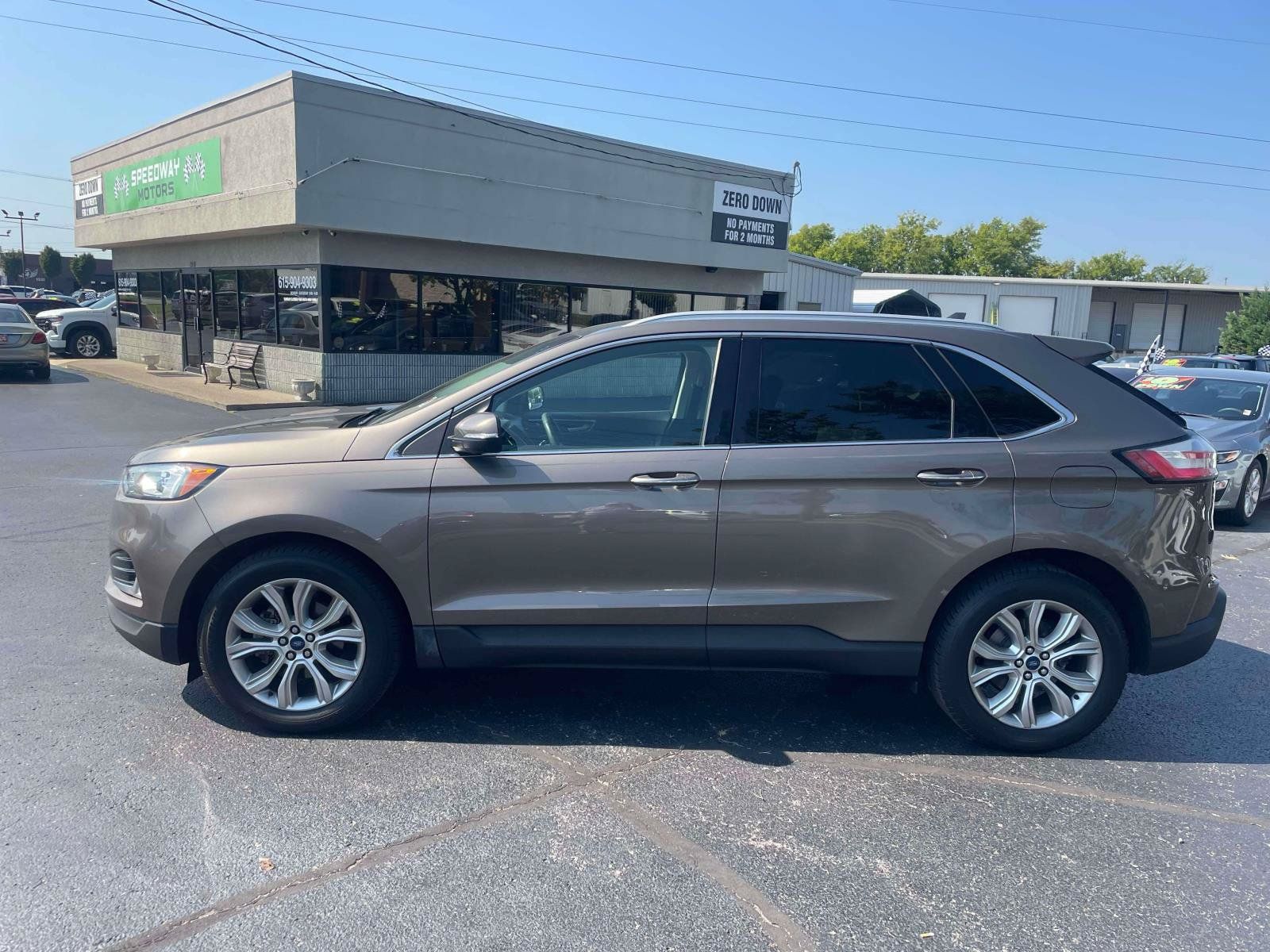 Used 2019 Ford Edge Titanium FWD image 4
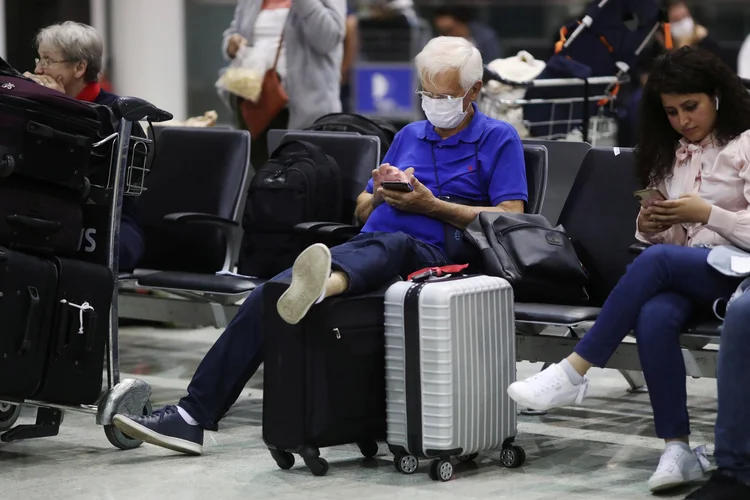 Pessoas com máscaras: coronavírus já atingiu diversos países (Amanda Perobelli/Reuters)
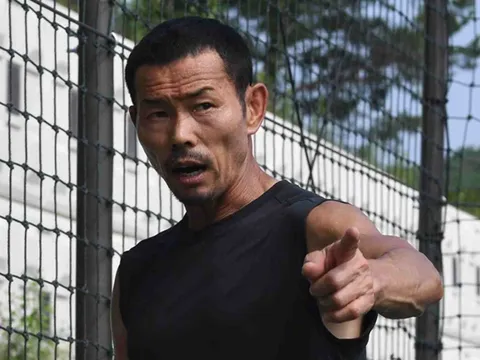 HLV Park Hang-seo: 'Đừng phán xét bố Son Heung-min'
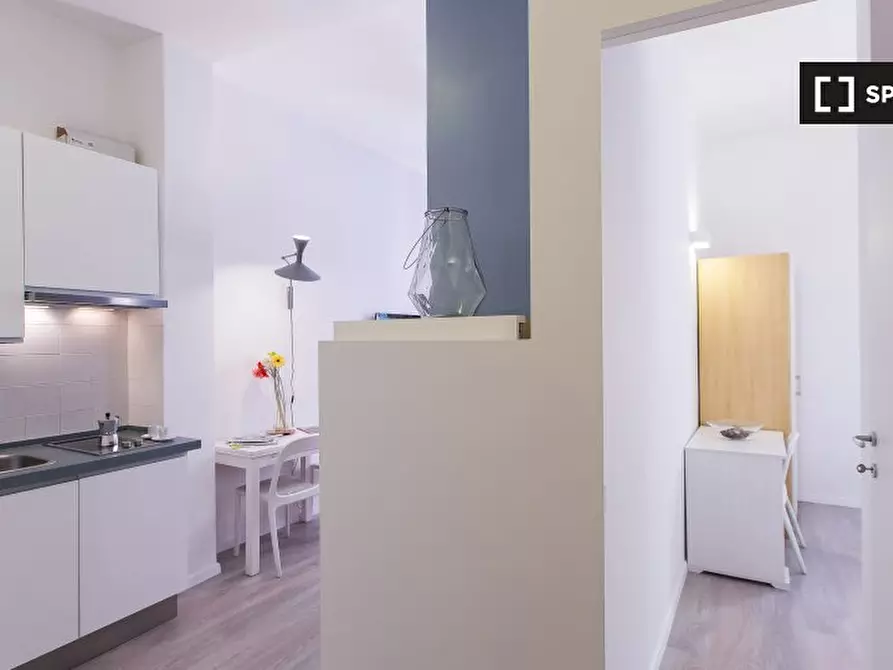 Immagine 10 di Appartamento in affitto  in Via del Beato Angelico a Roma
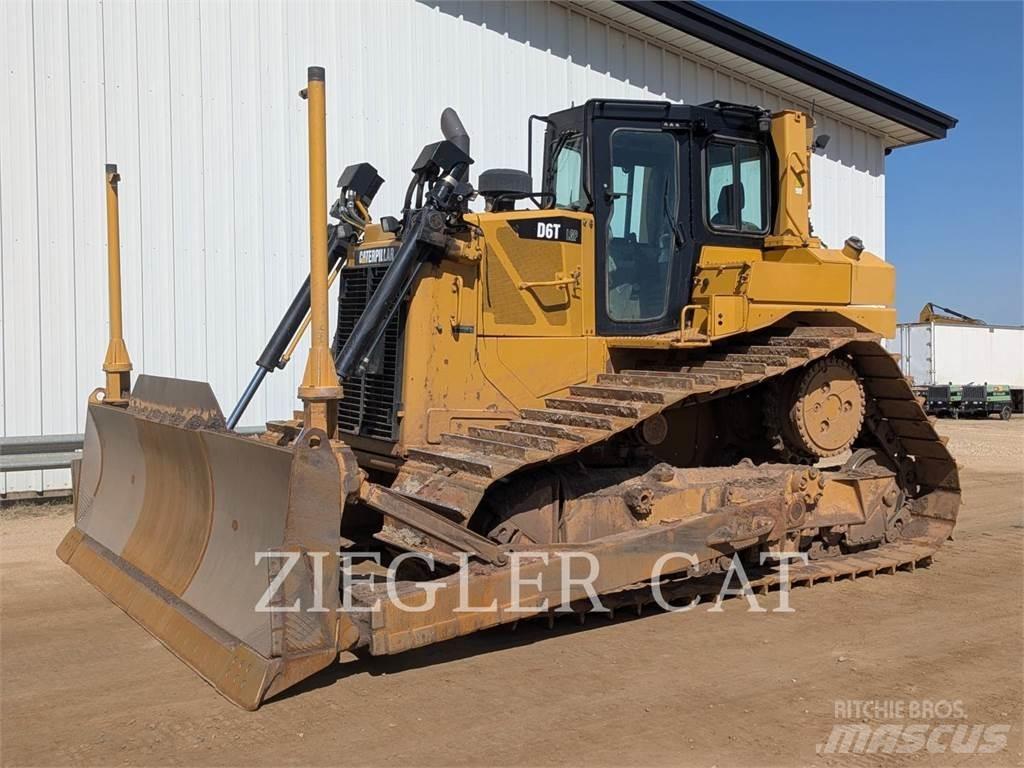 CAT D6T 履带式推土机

┄┄┄┄┄┄

The task → Produce an exact copy of the lines from the line containing "Immagine 10 di" to the end of the material, both ends included, and omit every picture.

Expected answer →
 Immagine 10 di Appartamento in affitto  in Via del Beato Angelico a Roma
 CAT D6T 履带式推土机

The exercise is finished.